Closed szad670401 closed 4 years ago

szad670401 commented 6 years ago

the im2col + gemm maybe a little slow.

ermig1979 commented 6 years ago

Hello. I have plans to make the inference of convolution layer so fast as possible. So I will try to implement these methods when I finish current tasks connected with compatibility Synet and Caffe and Tensorflow models.

szad670401 commented 6 years ago

thank you. I found the opencv dnn have implemented the tensorflow importer. you can refer to its desgin. but the dnn module can't compute with low precison , therefore it run a little bit slow on ARM. I very look forward you will work on low precision computing.

ermig1979 commented 6 years ago

I have seen this importer.
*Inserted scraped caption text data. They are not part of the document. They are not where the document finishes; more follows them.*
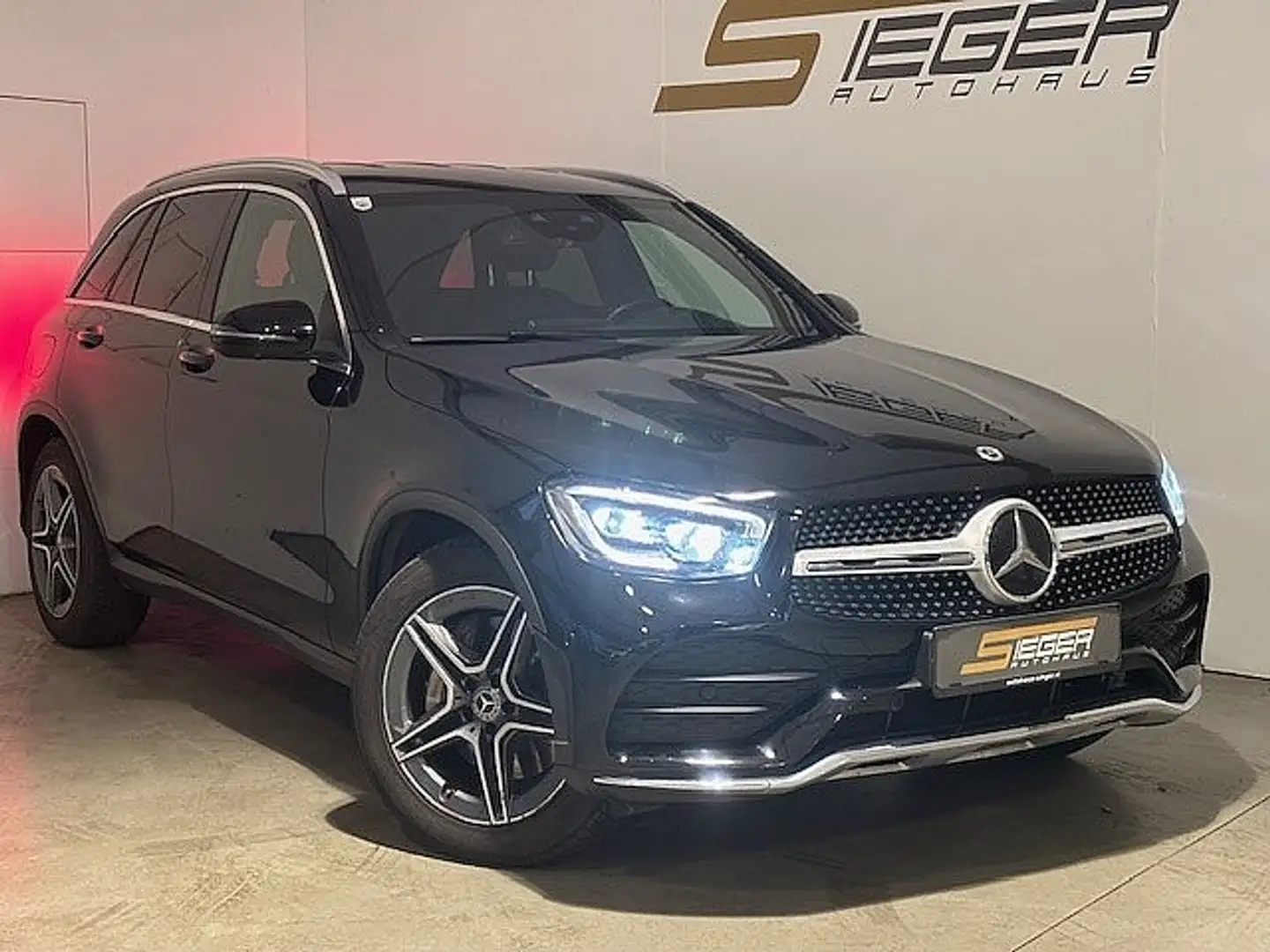 Mercedes-Benz GLC 220 d 4MATIC Aut.*AMG-LINE*AHK*360°* Schwarz - 1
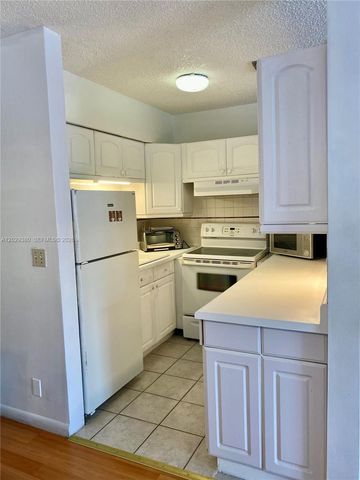 820 SW 11th Avenue 15B, Hallandale Beach, FL 33009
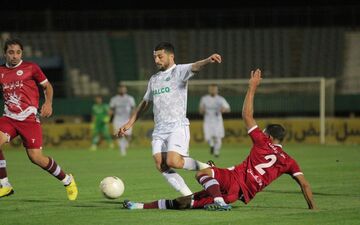 بدبیاری گلزن ایرالکو به پرسپولیس در نیمه نهایی(عکس)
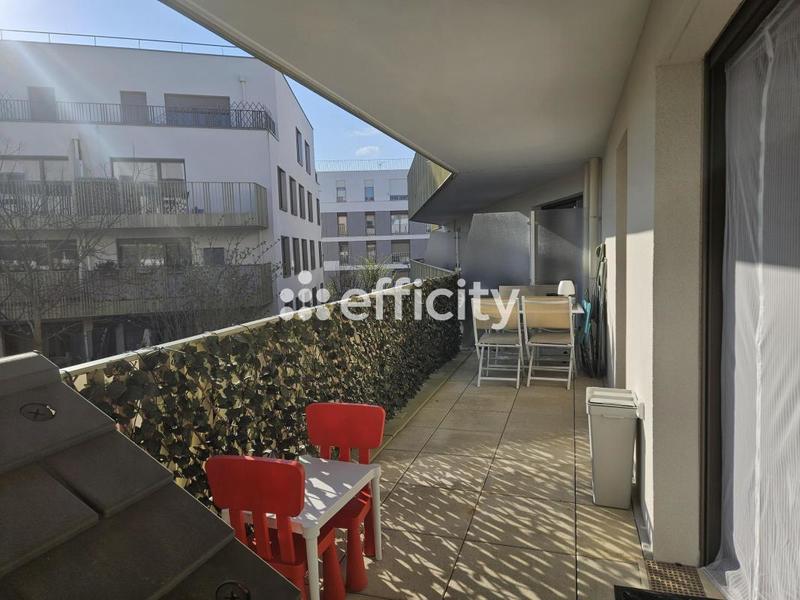 Appartement - 80 m² - 4 pièces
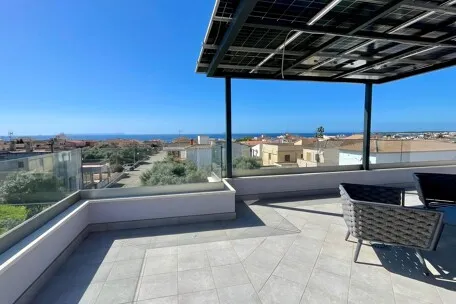 Charming newly built villa with pool and rooftop terrace, Sa Ràpita — photo 2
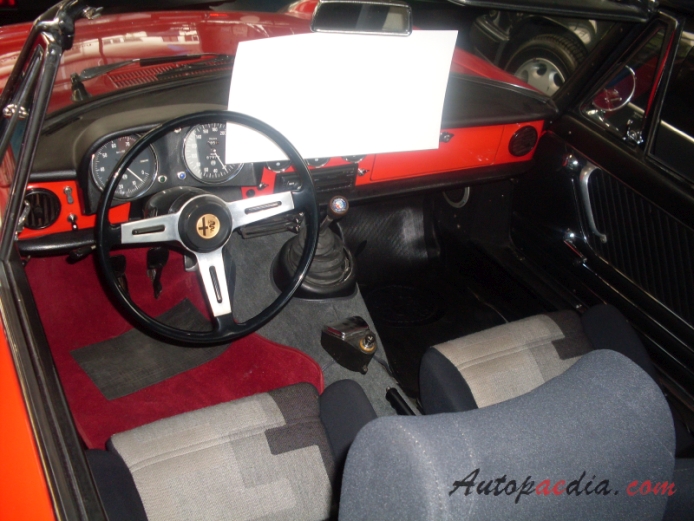 Alfa Romeo Gulia Spider Series 1 (Duetto) 1966-1969 (1966 1.6L), wnętrze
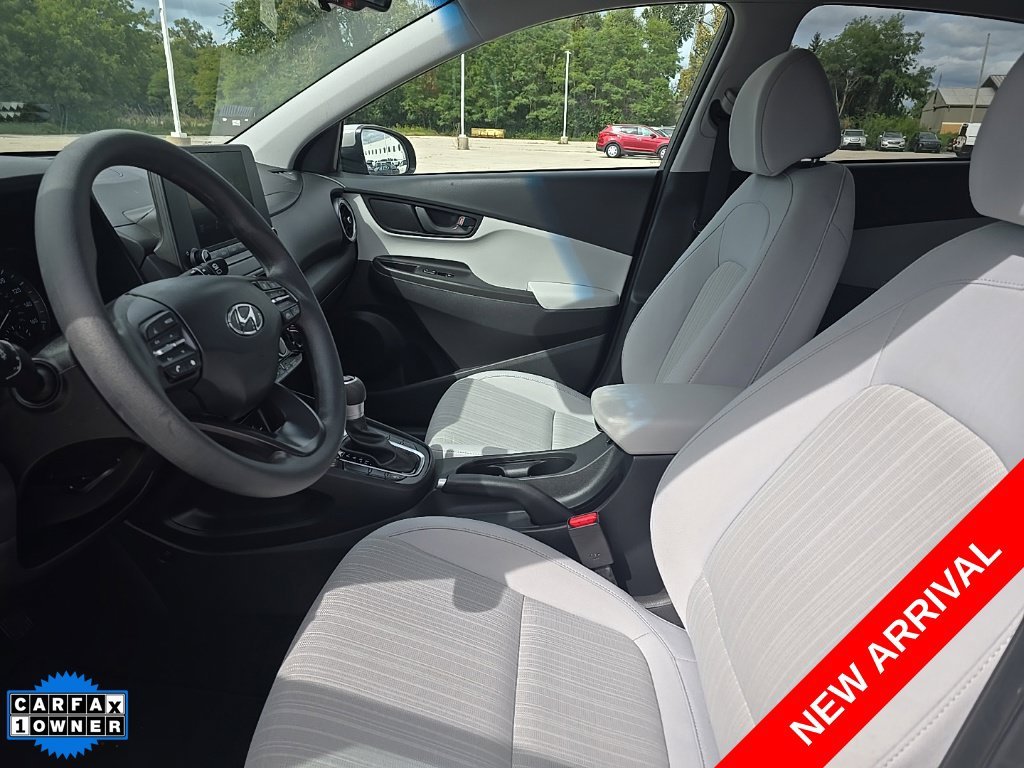 Used 2023 Silver Hyundai SEL image 5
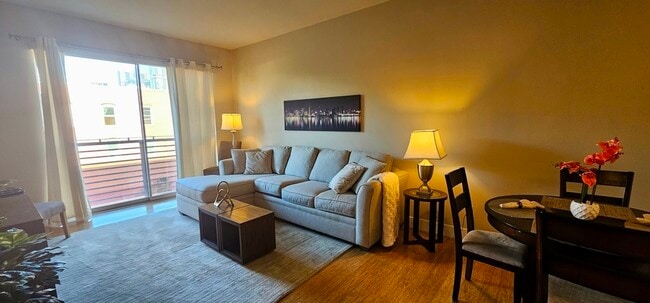 Building Photo - 445 Island Ave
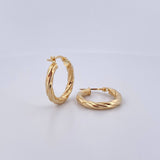 Candongas Kira 2.3gr / 2.2cm / Torcidas Oro Amarillo 18K $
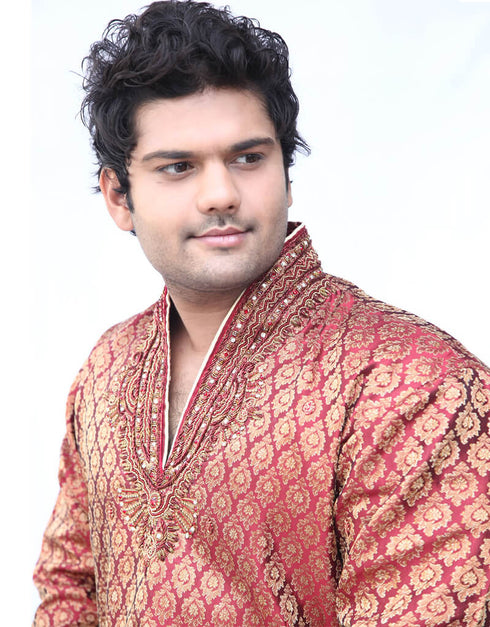 Maroon Kurta Silk Brocade Dhoti Closure View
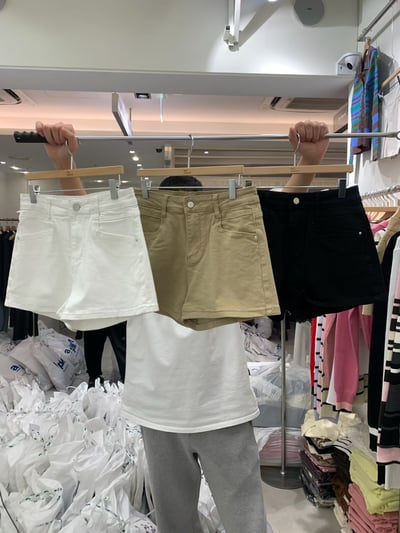 百搭中低腰順身短褲10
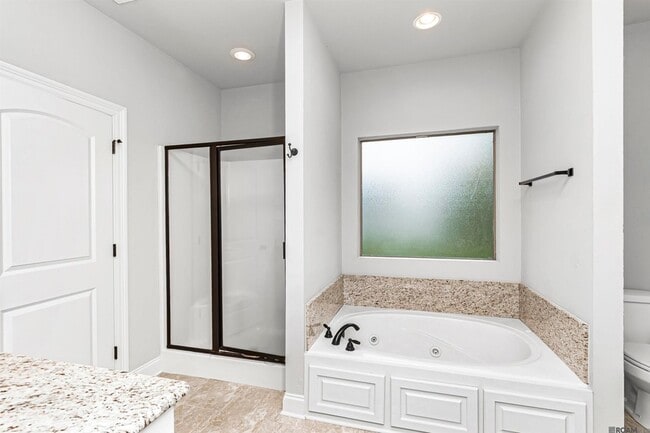 Building Photo - 8231 Valencia Ct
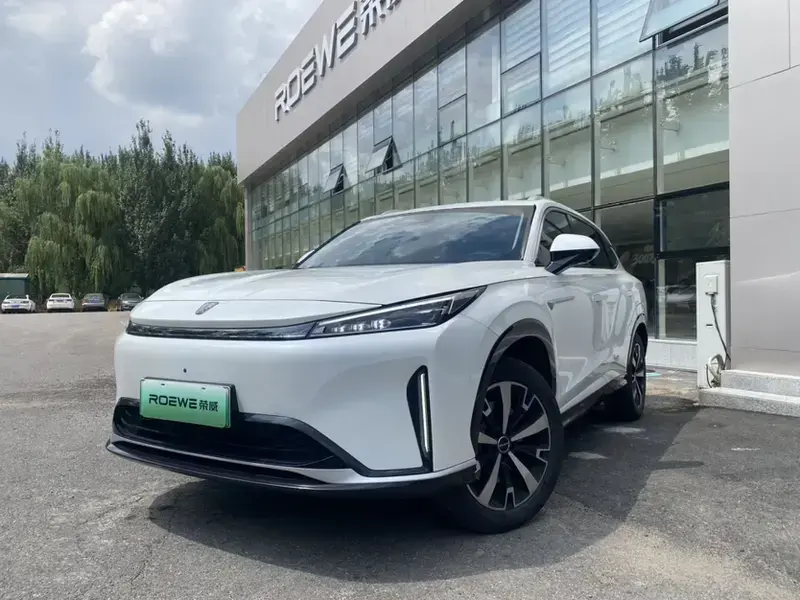 2024 Roewe D5X DMH с пробегом 34 000 км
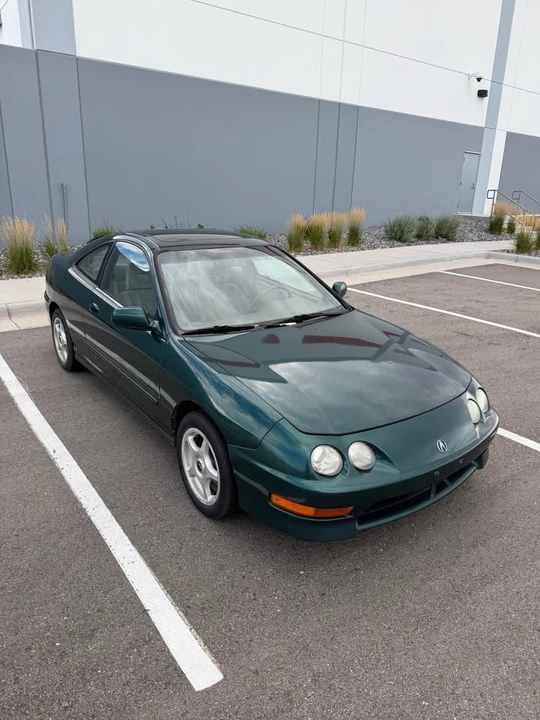 2000 Acura Integra 3rd Gen - Image 2 of 15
It was useful in order to understand inner structure of Tensorflow. Unfortunately it is not enough in order to convert complicated models.

szad670401 commented 5 years ago

yes. tensorflow has two much ops. some chinese company open source some mobile tiny CNN inference framework. I hope their code will help for you.

Reference: 1.Mace 2.NCNN 3.FeatherCNN

ermig1979 commented 5 years ago

Thank you for information. And I want to note that I have implemented Winograd 3x3 2x2 convolutions. It gives performance improvement in some cases.

szad670401 commented 5 years ago

A great work. I have seen you have implemented most of common layer. Have you planed to give out some benchmark tests that comparing with other frameworks?

ermig1979 commented 5 years ago

I I periodically do performance comparison between Synet and (Darknet/Caffe/Tensorflow/Opencv:Dnn). Synet contains tests which compare Synet and Darknet. Other comparison tests are not ready to publication. I will try to do they. Now I am experementing with image format. In some cases NHWC is faster then NCHW.

ermig1979 commented 4 years ago

Winograd's algorithms with kernel 3x3 and window 2x2, 3x3, 4x4 were implemented.